§ **TASK DETAILS**
Each line of the data below from the one holding "3 bed Terraced for sale Image 5" to the one holding "Bischof Alois Schwarz, Bischof", inclusive, is to be reproduced exactly; no other line belongs in the answer.

§ **DATA LISTING**
◇ ◇ ◇ ◇ ◇ ◇ ◇

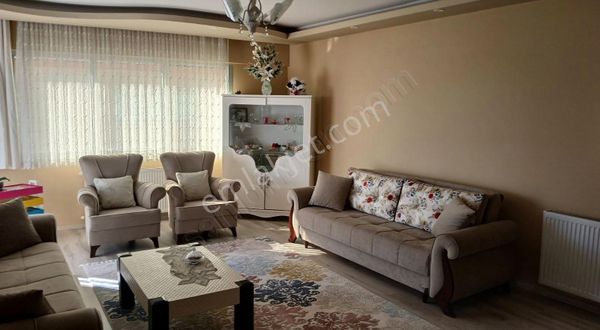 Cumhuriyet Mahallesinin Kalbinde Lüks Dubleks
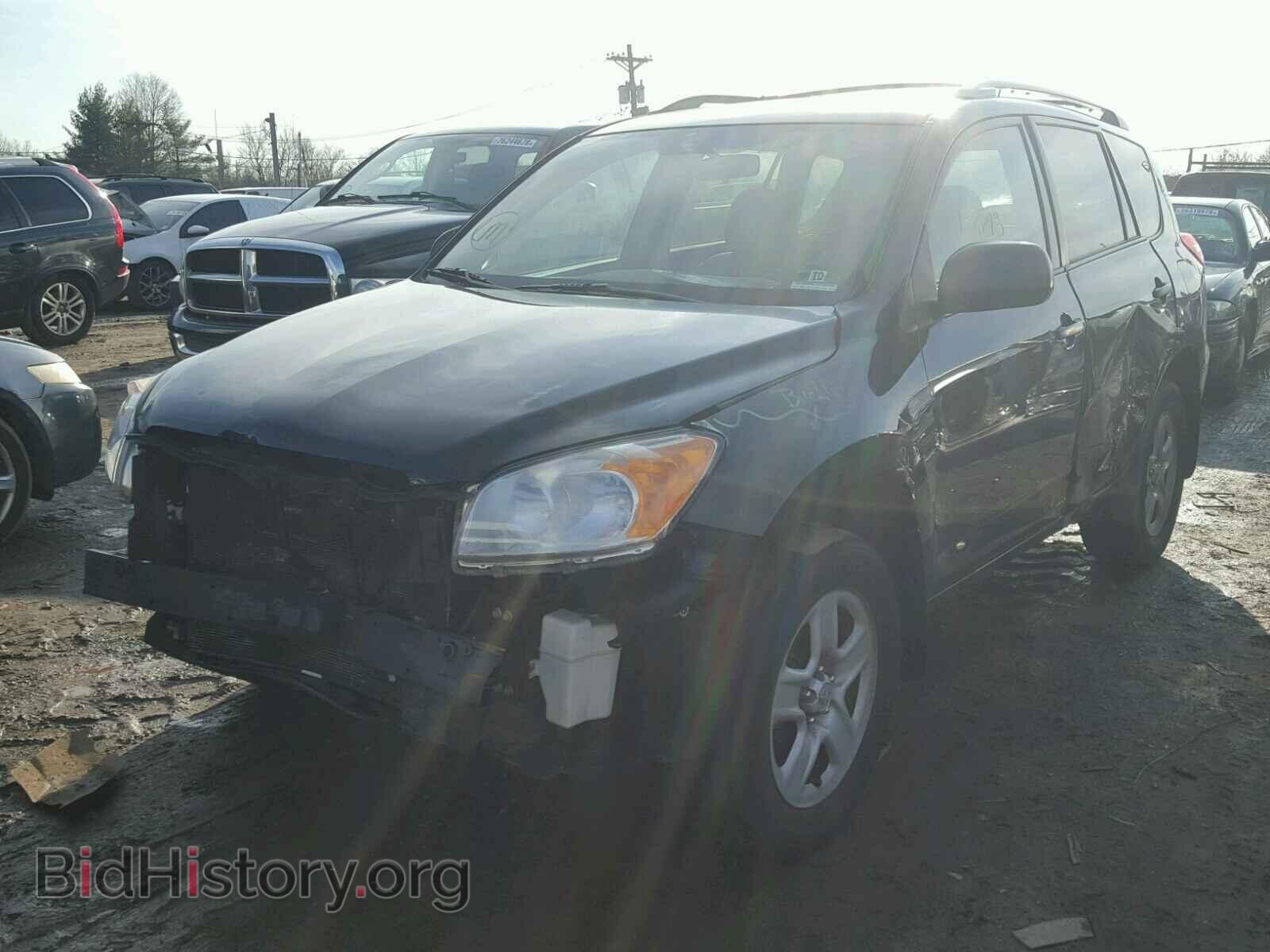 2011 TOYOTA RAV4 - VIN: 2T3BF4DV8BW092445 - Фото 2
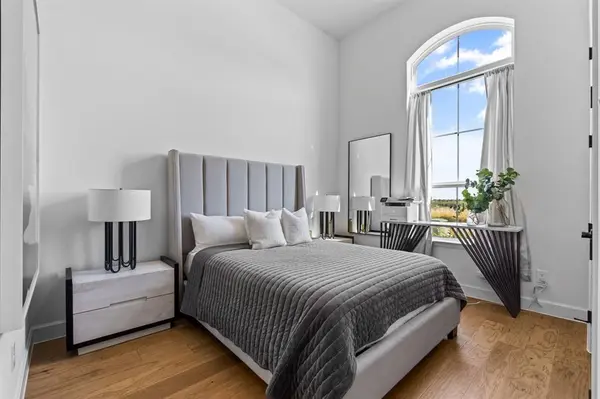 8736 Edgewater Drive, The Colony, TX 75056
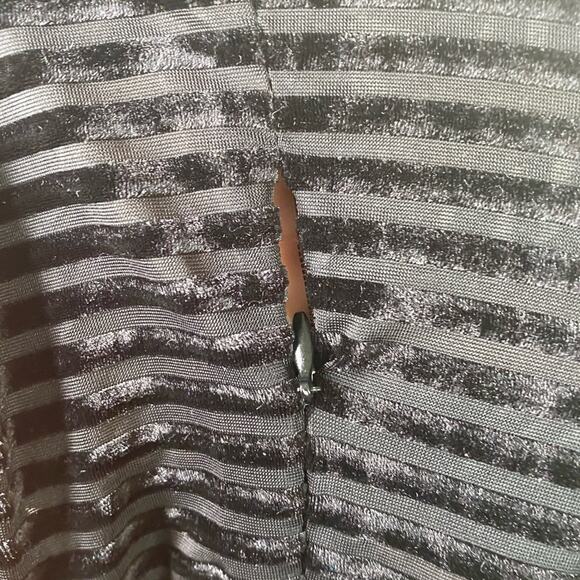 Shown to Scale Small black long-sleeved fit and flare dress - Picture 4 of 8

◇ ◇ ◇ ◇ ◇ ◇ ◇

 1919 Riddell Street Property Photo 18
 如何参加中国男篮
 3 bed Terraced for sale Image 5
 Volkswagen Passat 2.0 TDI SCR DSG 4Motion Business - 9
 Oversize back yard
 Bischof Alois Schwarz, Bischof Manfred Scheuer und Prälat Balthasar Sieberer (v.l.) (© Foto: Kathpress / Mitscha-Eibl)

◇ ◇ ◇ ◇ ◇ ◇ ◇

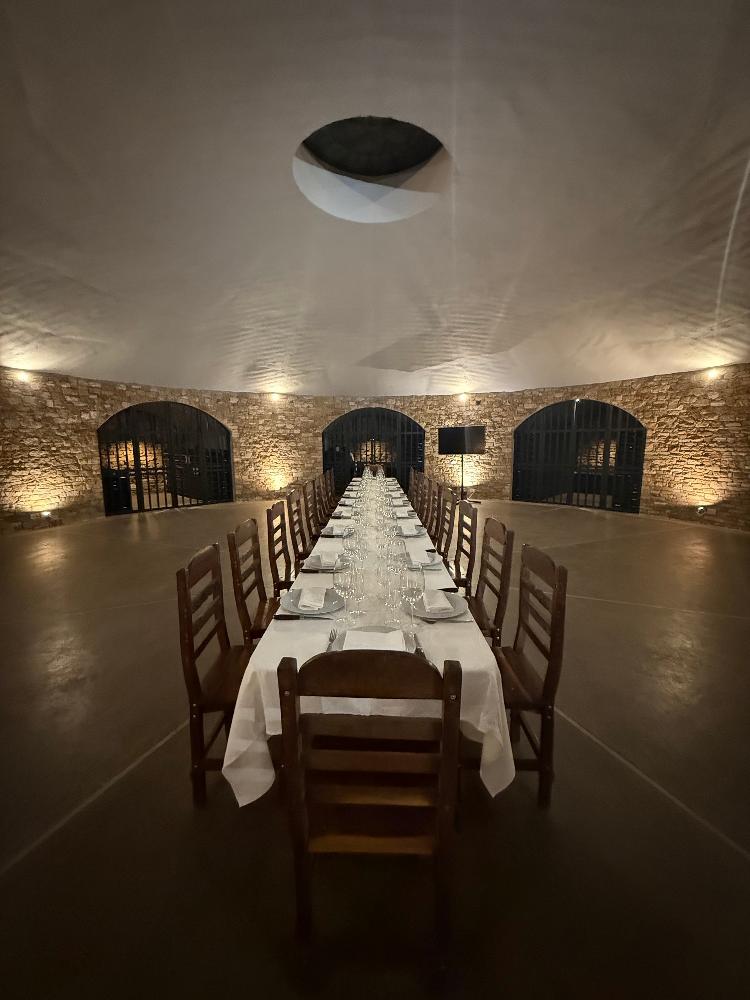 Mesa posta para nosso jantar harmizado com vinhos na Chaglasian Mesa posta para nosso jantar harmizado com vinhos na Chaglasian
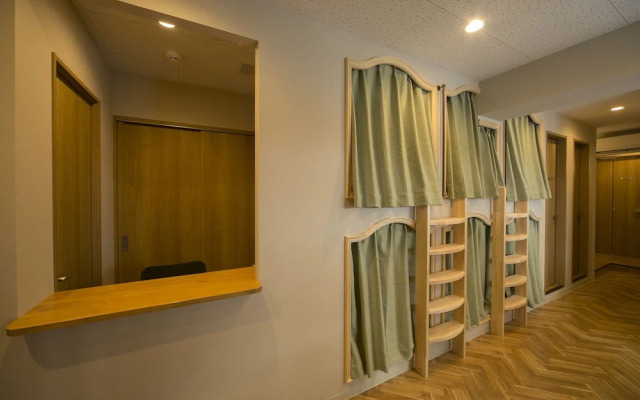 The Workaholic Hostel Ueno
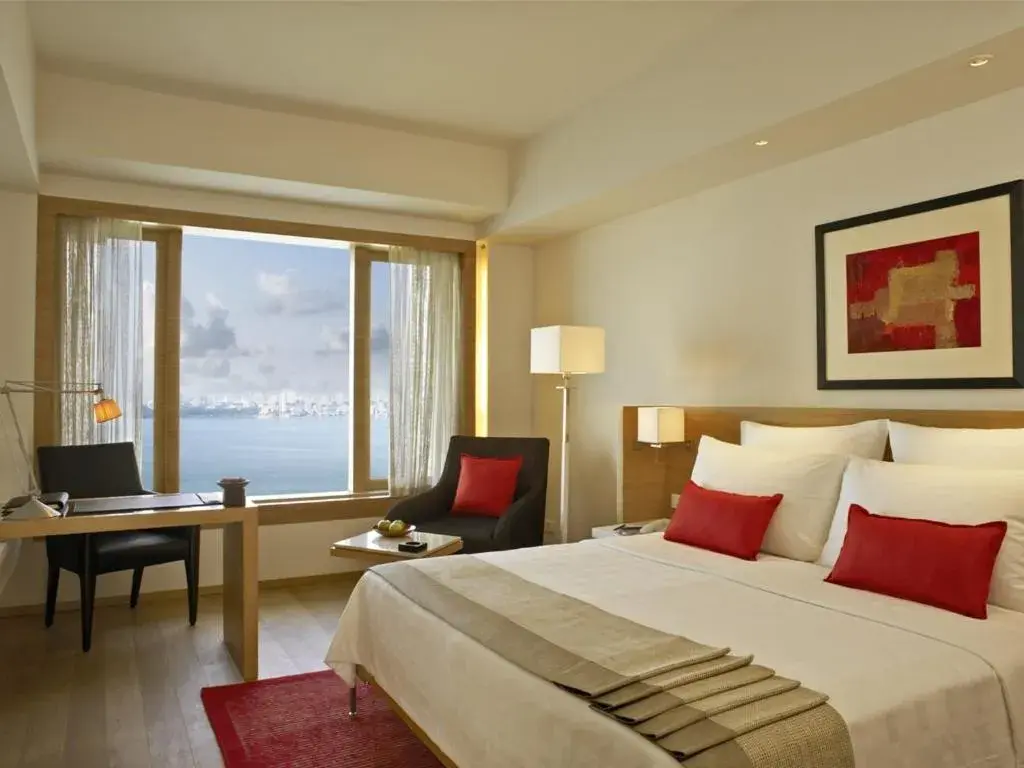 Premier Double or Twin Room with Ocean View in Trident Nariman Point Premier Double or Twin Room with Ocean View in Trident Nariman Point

◇ ◇ ◇ ◇ ◇ ◇ ◇

§ **SOLUTION BELOW**
 3 bed Terraced for sale Image 5
 Volkswagen Passat 2.0 TDI SCR DSG 4Motion Business - 9
 Oversize back yard
 Bischof Alois Schwarz, Bischof Manfred Scheuer und Prälat Balthasar Sieberer (v.l.) (© Foto: Kathpress / Mitscha-Eibl)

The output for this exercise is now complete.